6. Disclaimer of all Implied Warranties
DISCLAIMER OF ALL IMPLIED WARRANTIES
The Products covered by this contract are offered “AS IS” and “WITH ALL FAULTS.” Buyer understands and agrees that all warranties implied by the provisions of the California Uniform Commercial Code are excluded from this sale.
Seller shall in no event have obligations or liabilities to Buyer or any other person for loss of profits, loss of use or incidental, special or consequential damages, whether based on contract, tort (including negligence), strict liability or any other theory or form of action, even if Seller has been advised of the possibility thereof, arising out of or in connection with the sale, delivery, use, repair or performance of the Products or the Programs, or any failure or delay in connection with any of the foregoing. Without limiting the generality of the preceding sentence, Seller shall not be liable for personal injury or property damage.
8. Force Majeure
If the performance of this Agreement or any obligation hereunder, except the making of payments hereunder, is prevented, restricted or interfered with by reason of fire, flood, earthquake, explosion or other casualty or accident; strikes or labor disputes; inability to procure parts, supplies or power; war or other violence; any law, order, proclamation, regulation, ordinance, demand or requirement of any government agency; or any other act or condition whatsoever beyond the reasonable control of the affected party, the party so affected, upon giving prompt notice to the other party, shall be excused from such performance to the extent of such prevention, restriction or interference; provided, however, that the party so affected shall take all reasonable steps to avoid or remove such causes of nonperformance and shall resume performance hereunder with dispatch whenever such causes are removed.

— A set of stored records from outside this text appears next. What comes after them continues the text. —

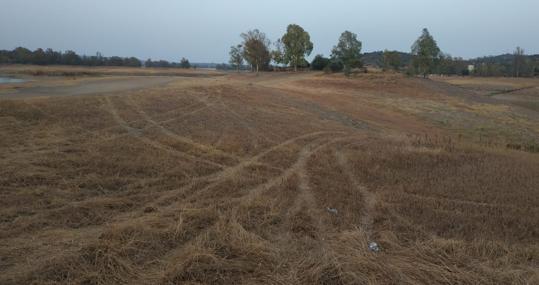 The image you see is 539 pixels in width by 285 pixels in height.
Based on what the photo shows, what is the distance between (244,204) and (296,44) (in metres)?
63.2

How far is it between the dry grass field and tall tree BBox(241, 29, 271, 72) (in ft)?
178

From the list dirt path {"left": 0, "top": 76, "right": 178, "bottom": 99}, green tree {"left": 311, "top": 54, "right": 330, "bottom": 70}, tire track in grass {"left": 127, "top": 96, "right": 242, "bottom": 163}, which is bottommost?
tire track in grass {"left": 127, "top": 96, "right": 242, "bottom": 163}

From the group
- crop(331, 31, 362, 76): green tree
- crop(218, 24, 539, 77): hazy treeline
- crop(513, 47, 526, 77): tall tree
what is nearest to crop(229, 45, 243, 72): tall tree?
crop(218, 24, 539, 77): hazy treeline

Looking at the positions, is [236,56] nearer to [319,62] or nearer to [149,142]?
[319,62]

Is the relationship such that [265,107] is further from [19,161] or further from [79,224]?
[79,224]

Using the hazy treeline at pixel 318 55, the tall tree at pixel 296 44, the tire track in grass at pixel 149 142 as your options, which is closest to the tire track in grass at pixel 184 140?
the tire track in grass at pixel 149 142

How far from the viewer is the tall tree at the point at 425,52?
63.4 m

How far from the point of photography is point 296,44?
66500 millimetres

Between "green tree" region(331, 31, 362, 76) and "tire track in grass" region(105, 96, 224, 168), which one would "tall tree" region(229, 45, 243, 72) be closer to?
"green tree" region(331, 31, 362, 76)

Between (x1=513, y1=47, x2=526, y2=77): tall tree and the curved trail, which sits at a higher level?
(x1=513, y1=47, x2=526, y2=77): tall tree

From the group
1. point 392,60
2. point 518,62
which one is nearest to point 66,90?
point 392,60

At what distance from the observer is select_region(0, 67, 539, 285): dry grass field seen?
14.9 feet

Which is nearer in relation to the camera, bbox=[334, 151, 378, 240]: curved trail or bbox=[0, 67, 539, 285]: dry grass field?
bbox=[0, 67, 539, 285]: dry grass field

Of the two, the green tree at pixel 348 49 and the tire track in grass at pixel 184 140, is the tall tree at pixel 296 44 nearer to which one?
the green tree at pixel 348 49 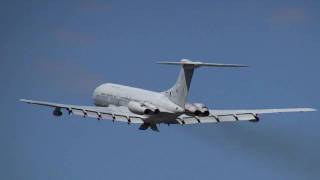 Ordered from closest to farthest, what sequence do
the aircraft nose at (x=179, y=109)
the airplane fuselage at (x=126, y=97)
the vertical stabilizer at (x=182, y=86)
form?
the aircraft nose at (x=179, y=109), the vertical stabilizer at (x=182, y=86), the airplane fuselage at (x=126, y=97)

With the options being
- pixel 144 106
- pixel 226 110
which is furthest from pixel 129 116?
pixel 226 110

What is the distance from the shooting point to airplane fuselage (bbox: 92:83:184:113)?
14275cm

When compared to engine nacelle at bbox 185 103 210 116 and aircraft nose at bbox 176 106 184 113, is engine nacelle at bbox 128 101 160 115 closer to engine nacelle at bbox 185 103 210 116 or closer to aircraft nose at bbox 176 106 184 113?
aircraft nose at bbox 176 106 184 113

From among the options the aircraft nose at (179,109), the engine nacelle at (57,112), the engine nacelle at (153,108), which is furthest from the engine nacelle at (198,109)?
the engine nacelle at (57,112)

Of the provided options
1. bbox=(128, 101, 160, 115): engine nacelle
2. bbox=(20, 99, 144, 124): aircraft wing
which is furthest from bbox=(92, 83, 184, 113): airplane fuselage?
bbox=(20, 99, 144, 124): aircraft wing

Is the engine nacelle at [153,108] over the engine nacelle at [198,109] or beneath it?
over

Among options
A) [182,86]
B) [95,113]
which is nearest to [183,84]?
[182,86]

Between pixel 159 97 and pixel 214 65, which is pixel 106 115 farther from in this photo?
pixel 214 65

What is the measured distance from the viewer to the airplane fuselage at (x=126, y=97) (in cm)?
14275

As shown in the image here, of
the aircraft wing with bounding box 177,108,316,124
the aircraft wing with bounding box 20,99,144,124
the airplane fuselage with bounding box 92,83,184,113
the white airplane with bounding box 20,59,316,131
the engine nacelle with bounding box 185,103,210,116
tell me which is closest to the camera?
the engine nacelle with bounding box 185,103,210,116

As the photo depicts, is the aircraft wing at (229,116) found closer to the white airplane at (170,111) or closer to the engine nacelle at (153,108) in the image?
the white airplane at (170,111)

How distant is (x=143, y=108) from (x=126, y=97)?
40.7 ft

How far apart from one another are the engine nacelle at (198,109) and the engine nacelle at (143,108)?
4.47 m

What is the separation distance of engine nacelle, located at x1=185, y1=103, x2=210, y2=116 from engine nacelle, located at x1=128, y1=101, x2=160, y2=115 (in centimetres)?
447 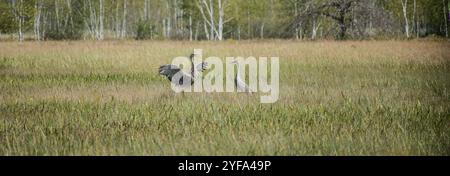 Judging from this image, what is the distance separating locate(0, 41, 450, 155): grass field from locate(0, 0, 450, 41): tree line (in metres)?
14.1

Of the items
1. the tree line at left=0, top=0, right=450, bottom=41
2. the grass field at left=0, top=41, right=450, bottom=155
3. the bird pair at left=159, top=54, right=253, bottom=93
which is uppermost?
the tree line at left=0, top=0, right=450, bottom=41

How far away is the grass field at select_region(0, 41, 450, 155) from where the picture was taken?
17.1 ft

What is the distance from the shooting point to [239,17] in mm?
49531

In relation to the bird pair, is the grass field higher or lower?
lower

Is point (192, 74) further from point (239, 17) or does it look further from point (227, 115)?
point (239, 17)

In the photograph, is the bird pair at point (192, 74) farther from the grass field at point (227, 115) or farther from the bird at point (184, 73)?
the grass field at point (227, 115)

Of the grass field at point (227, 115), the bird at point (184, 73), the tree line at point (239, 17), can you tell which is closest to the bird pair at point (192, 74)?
the bird at point (184, 73)

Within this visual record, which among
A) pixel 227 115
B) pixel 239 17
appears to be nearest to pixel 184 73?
pixel 227 115

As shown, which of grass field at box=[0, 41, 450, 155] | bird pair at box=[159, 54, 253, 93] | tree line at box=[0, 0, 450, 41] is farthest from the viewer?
tree line at box=[0, 0, 450, 41]

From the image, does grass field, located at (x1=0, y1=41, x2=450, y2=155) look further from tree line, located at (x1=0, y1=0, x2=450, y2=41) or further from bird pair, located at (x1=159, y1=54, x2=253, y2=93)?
tree line, located at (x1=0, y1=0, x2=450, y2=41)

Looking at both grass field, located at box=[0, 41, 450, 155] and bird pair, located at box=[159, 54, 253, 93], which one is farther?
bird pair, located at box=[159, 54, 253, 93]

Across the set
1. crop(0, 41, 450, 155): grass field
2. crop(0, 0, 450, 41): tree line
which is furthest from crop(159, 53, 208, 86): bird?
crop(0, 0, 450, 41): tree line

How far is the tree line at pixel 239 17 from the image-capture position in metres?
26.3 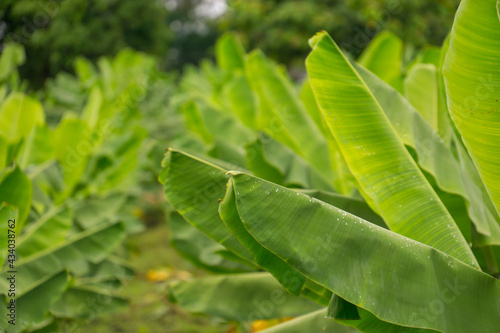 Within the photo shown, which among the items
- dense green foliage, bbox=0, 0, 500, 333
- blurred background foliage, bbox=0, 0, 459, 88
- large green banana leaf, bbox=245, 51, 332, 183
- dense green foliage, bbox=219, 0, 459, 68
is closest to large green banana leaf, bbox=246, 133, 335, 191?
dense green foliage, bbox=0, 0, 500, 333

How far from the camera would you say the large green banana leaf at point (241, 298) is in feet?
4.80

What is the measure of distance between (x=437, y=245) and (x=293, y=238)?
368 millimetres

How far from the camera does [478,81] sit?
84 centimetres

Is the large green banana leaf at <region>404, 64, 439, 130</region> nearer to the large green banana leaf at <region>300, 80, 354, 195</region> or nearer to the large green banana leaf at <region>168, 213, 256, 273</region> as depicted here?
the large green banana leaf at <region>300, 80, 354, 195</region>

Failure to make any payment when due in accordance with the terms hereof shall constitute a default. Any other material breach of this contract by either party shall constitute a default if not cured within 24 days after written notice of such breach is given.
10. No Waiver
The failure by either party to enforce at any time any of the provisions of this Agreement, or to exercise any election or option provided herein, shall in no way be construed as a waiver of such provisions or options, nor in any way to affect the validity of this Agreement or any part thereof, or the right of either party thereafter to enforce each and every such provision.
11. No Other Warranty or Representation
Buyer hereby acknowledges that it has not entered into this Agreement in reliance upon any warranty or representation by any person or entity except for the warranties or representations specifically set forth herein and in the Purchase Order.
12. HOK Marketing Rights
Buyer agrees to allow HOK non-exclusive rights to the final custom product and relevant logos / trademarks for marketing purposes.
13. Applicable Law
This Agreement shall be governed by the laws of the State of California as such laws are applied to contracts between residents entered into and to be performed entirely within the State of California.
The invalidity in whole or in part of any of these terms and conditions shall not affect the validity or enforceability of any other term or condition.